――さて、今回のアルバムですが、製作にはどれくらいかかりましたか?
「まず10月末に写真撮影をしたのが最初ですね」
――ということはこのジャケットの写真は10月末の豊島園ですね
「はい、そうです。ジャケットを撮ってから、作曲家の菊田大介君と一緒に曲作りをはじめたので、だいたい3カ月位ですね。表題曲の『メリー! メリーゴーランド』がカタチになるまでかなり時間がかかりまして、ギリギリまで『ああでもない、こうでもない』とやりあいながらの製作になりました。でも最終的には、メルヘンでファンタジーな可愛い曲に仕上がったので、頑張って作ってよかったなって、衝突しながら作ってよかったなって思っています(笑)」
――どういうところで衝突がありましたか?
「最初に私が、こういうイメージで、こういう楽曲にしたいというものを、デモ曲のような感じで作って、アレンジはこういう感じで、メロディラインや構成はこういう感じにしたい、といったことを菊田君と2人で打ち合わせたんですよ。それで菊田君が『わかった』といって曲を作ってくるのですが、それを聴いてみると、『わかってないじゃないか!』みたいな感じになりまして……」
――なかなかイメージが合わなかったということですね
「基本的に製作を行っているのは私と同じ会社のElements Gardenで、菊田君もそのメンバーなのですが、Elements Gardenの作家全員にも聴かせて、みんなで意見を言い合いながら、曲作りを進めていくんですよ。私のアルバムの表題曲は、私ももちろんそうですが、メンバー内でも結構思い入れがありまして……。実は、Elements Gardenのメンバーが25歳のときに必ず私のアルバムの表題曲を手掛けるというのが慣習みたいになっていまして、今年は菊田君が25歳なので、その順番が回ってきたわけですよ。これまでに担当したメンバーも、みんなそのときの100%以上の力を出して、自分の新しい面だったり、今後のカラーだったりを築きあげる、いわばチャレンジの場所のように私のアルバムの表題曲がなっているので、みんなそこは容赦なく、妥協せずに意見をぶつけてくるんですよ」
――つまり、アルバムの表題曲は、佐藤さんとElements Gardenによる集大成といってよいのでしょうか?

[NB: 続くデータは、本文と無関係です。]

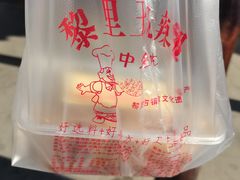-黎里王记辣脚(黎里总店)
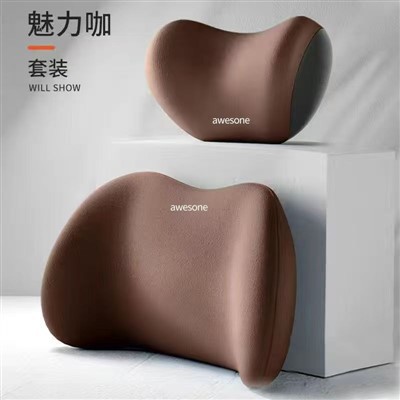 Attractive Car Headrest With Memory Foam For The Backrest Set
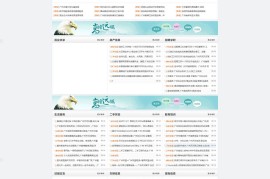 地方门户分类信息源码下载 本地分类信息网php网站源码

「今回の場合、菊田君にとっては特にそういう形になると思います。これまで、私のアルバムの表題曲は、シリアスな曲が多かったんですよ。それが今回のアルバムは明るい感じにしましょうっていうことになり、これまでの流れとは違う感じなったので、そのあたりで非常に菊田君は悩んだっていってましたね」
――今回のアルバムで一番難産だったのはやはり表題曲ですか?
「それはもう、表題曲がズバ抜けて難産でしたね。実は、レコーディング当日まで、カラオケができていなくて、レコーディングの現場で初めて聴いたんですよ(笑)。歌詞を書くために、メロディラインと仮アレンジの楽曲をいただいていたので、自分なりに準備はできていたのですが、さすがにレコーディング当日までカラオケができあがっていないというのは、長く仕事をしてますが、初めてのことでしたね」
――それはかなり大変な状況ですね
「さすがに私も怒りましたね。すっごいおかんむりでした(笑)。それ以前から『これはもう間に合わないんじゃないか』みたいな感じはあったのですが、菊田君が頑張るって言っていたので、信じて待っていたんですよ。とにかく『メリー! メリーゴーランド』では生みの苦しみを味わいましたね。ほかの曲に関しては、苦しみの中にも楽しさがあるので、忘れてしまうんですけど、『メリー! メリーゴーランド』は本当に大変でした。私自身にはイメージがあったので、歌詞などはすんなりと書けたんですけど、とにかく菊田君が可哀相で……」
――可哀相にさせているのは、実は佐藤さんですよね(笑)
「そうなんですよね(笑)。だから『もう降りてもいいよ、無理しなくてもいいよ』っていうのもあったのですが……」
――25歳ですしね
「そうですよね。これまでもみんなが乗り越えてきたところですから。でも、菊田君が自分でやるって手を挙げたんですよ」
――25歳ですから、手を挙げざるをえないでしょう
「4枚目のアルバムのときは自分で作曲して、アレンジをそのとき25歳だった藤間君にやってもらったんですよ。今回の『メリー! メリーゴーランド』も、私が曲を書こうかって言ったのですが、菊田君が『いや僕が書きます』って言ったので、『よし、じゃあやってもらいましょう』って話になったんですよ」
――そういった苦労の末にできあがった曲に対する佐藤さんの率直な感想はいかがですか?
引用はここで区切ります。